:: INPUT DATA ::

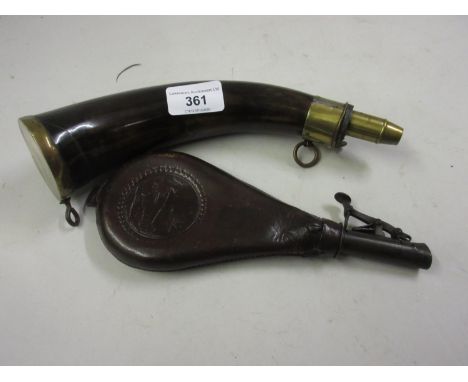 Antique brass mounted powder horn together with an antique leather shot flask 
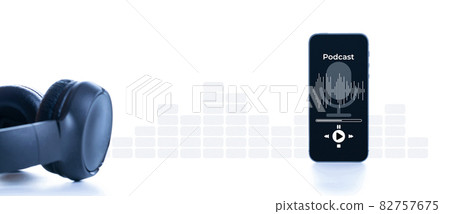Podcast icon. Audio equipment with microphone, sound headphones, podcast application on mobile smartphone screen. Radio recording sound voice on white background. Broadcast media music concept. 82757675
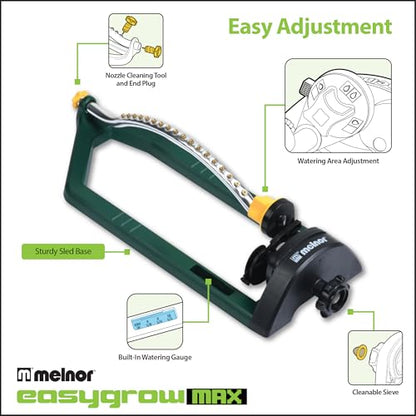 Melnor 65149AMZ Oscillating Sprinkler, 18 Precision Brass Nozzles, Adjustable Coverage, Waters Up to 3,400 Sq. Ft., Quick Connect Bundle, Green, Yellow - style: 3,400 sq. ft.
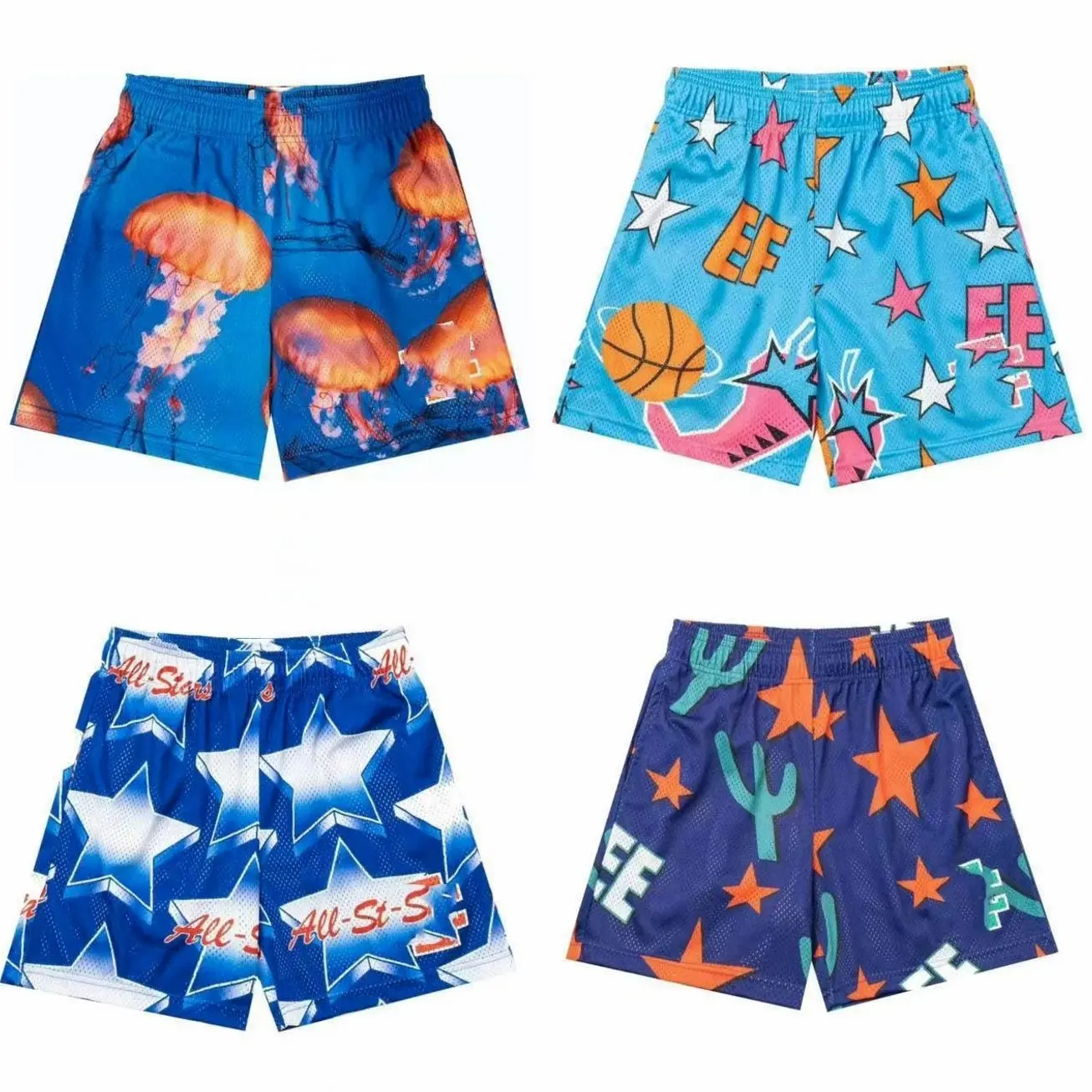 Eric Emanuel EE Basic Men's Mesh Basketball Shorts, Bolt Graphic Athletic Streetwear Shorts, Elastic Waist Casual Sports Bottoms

:::

*PROBLEM REQUIREMENTS*:
Reproduce exactly, and only, the lines that begin at the one containing "Melnor 65149AMZ Oscillating" and end with the final line of the data, both included, while omitting every picture.

*YOUR SOLUTION*:
 Melnor 65149AMZ Oscillating Sprinkler, 18 Precision Brass Nozzles, Adjustable Coverage, Waters Up to 3,400 Sq. Ft., Quick Connect Bundle, Green, Yellow - style: 3,400 sq. ft.
 Eric Emanuel EE Basic Men's Mesh Basketball Shorts, Bolt Graphic Athletic Streetwear Shorts, Elastic Waist Casual Sports Bottoms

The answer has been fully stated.